Wow, Tucker must be so jealous of Shadow. Poor guy..... LOL


----------



## Debles (Sep 6, 2007)

My boys have lost weight by reducing their kibble to 1 and 1/2 to 3/4 cups a day plus green beans.I use canned green beans but rinse them very well due to the salt.
I also cut out treats but have been doing training again so had been splitting a treat between them and I noticed Selka's waist is disappearing again! Poor boy, like his mom, he gains just looking at food! Gunner gets more exercise also.


----------



## Jo Ellen (Feb 25, 2007)

No kidding LOL ... how do you manage that Kimm?

Sometimes I eat in the closet :curtain:


----------



## Goldilocks (Jun 3, 2007)

Pippa is currently 69 pounds and eats 2 cups of EVO (487cal/cup) plus about 1/2 cup of Honest Kitchen per day (around 250 cal/cup). This calorie count has to come down for winter or else she will be getting heavy again. I think the most important thing, as others have said, is knowing the calories per cup in the food you are feeding.
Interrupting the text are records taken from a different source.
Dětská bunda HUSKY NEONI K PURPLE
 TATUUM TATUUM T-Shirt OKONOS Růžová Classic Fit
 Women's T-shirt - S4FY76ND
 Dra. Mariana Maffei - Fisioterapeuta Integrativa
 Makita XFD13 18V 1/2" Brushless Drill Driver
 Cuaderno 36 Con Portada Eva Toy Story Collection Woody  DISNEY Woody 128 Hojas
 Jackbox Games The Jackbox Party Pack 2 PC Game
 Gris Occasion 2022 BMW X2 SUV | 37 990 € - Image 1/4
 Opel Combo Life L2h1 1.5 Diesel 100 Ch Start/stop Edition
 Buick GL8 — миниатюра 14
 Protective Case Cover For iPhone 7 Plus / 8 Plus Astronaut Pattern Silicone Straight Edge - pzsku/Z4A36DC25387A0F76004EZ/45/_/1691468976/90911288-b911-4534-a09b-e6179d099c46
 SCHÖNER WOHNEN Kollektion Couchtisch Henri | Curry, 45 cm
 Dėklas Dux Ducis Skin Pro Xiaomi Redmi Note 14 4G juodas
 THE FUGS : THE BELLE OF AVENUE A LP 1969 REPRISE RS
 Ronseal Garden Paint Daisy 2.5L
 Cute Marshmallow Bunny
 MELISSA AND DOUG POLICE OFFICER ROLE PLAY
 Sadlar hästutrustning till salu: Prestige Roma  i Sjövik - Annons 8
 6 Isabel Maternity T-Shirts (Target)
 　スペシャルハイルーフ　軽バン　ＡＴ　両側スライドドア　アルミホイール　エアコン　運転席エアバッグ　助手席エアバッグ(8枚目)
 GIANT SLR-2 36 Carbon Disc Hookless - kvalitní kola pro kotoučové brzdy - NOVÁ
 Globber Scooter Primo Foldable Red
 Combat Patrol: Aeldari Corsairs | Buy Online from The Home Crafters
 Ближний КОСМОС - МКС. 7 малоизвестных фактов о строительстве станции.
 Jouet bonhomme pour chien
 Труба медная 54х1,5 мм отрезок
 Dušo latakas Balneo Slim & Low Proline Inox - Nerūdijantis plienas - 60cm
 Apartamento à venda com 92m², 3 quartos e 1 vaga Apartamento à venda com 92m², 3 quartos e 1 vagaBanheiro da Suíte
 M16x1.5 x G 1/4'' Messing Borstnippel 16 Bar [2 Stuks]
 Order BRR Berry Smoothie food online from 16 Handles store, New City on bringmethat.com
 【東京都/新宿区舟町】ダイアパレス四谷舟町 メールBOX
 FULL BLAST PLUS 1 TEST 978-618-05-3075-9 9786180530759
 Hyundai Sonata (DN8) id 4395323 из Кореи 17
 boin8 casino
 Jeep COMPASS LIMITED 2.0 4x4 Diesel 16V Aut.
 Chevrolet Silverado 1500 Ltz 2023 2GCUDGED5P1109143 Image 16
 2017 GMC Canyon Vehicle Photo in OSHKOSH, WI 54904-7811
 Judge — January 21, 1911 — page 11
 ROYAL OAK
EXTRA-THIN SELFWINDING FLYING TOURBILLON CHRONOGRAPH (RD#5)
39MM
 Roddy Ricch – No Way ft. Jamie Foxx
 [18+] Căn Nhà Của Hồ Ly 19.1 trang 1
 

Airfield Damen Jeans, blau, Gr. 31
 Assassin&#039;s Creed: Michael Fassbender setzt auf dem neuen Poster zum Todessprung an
One of the vet's at our clinic told my brother regardless of what the dog eats, a normal, healthy Golden Retriever needs 1,200 calories per day. I have trouble with this because there are times that is way too much food for my young, active Golden.


----------



## Penny & Maggie's Mom (Oct 4, 2007)

Goldilocks said:


> Pippa is currently 69 pounds and eats 2 cups of EVO (487cal/cup) plus about 1/2 cup of Honest Kitchen per day (around 250 cal/cup). This calorie count has to come down for winter or else she will be getting heavy again. I think the most important thing, as others have said, is knowing the calories per cup in the food you are feeding. One of the vet's at our clinic told my brother regardless of what the dog eats, a normal, healthy Golden Retriever needs 1,200 calories per day. I have trouble with this because there are times that is way too much food for my young, active Golden.


My vet is also a golden owner and says that goldens are the "hybrids" of the dog world. When I asked him to explain, he said think of the hybrid cars that go a LONG way on very little fuel. All that being said, youhave to know your dog... just like humans, their metabolism differs from dog to dog and even at different stages of their life. I think we all have to be aware of how many calories they are getting a day, and be vigilant in seeing what their weight does and how their body looks, day to day, season to season.


----------



## tintallie (May 31, 2006)

How tall is your dog Maggie at the withers (shoulders)? 

The breed standard for the Golden Retriever is 21.5-22.5" for a female with a weight between 60-70lbs and 23-24" for a male with a weight of 65-75lbs. You can be up to one inch above or below the standard so you are looking at a weight range between 55lbs to 80lbs ideally. If your dog's height is significantly outside of the standard, then the weight range of 55lbs to 80lbs will change.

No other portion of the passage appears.